Fully synthetic MUC1 glycopeptide antitumor vaccines have a precisely specified structure and induce a targeted immune response without suppression of the immune response when using an immunogenic carrier protein. However, tumor-associated aberrantly glycosylated MUC1 glycopeptides are endogenous structures, "self-antigens", that exhibit only low immunogenicity. To overcome this obstacle, a fully synthetic MUC1 glycopeptide antitumor vaccine was combined with poly(inosinic acid:cytidylic acid), poly(I:C), as a structurally defined Toll-like receptor 3 (TLR3)-activating adjuvant. This vaccine preparation elicited extraordinary titers of IgG antibodies which strongly bound human breast cancer cells expressing tumor-associated MUC1. Beside the humoral response, the poly(I:C) glycopeptide vaccine induced a pro-inflammatory environment, very important to overcome the immune-suppressive mechanisms, and elicited a strong cellular immune response crucial for tumor elimination.

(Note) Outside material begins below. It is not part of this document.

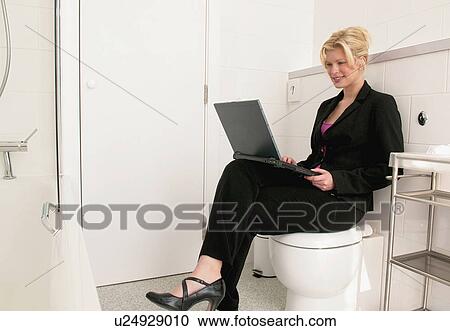 Business women works in bathroom View Large Photo Image Stock Image - Business women works in bathroom. Fotosearch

完全合成的MUC1糖肽抗肿瘤疫苗具有精确指定的结构,并且在使用免疫原性载体蛋白时可诱导靶向免疫反应而不会抑制免疫反应。然而,肿瘤相关的异常糖基化MUC1糖肽是内源性结构,即“自身抗原”,其仅表现出低免疫原性。为了克服这一障碍,将完全合成的MUC1糖肽抗肿瘤疫苗与聚(肌苷酸:胞苷酸),即聚(I:C)结合,作为结构明确的Toll样受体3(TLR3)激活佐剂。这种疫苗制剂引发了高滴度的IgG抗体,这些抗体与表达肿瘤相关MUC1的人乳腺癌细胞强烈结合。除了体液反应外,聚(I:C)糖肽疫苗还诱导了促炎环境,这对于克服免疫抑制机制非常重要,并引发了对肿瘤消除至关重要的强烈细胞免疫反应。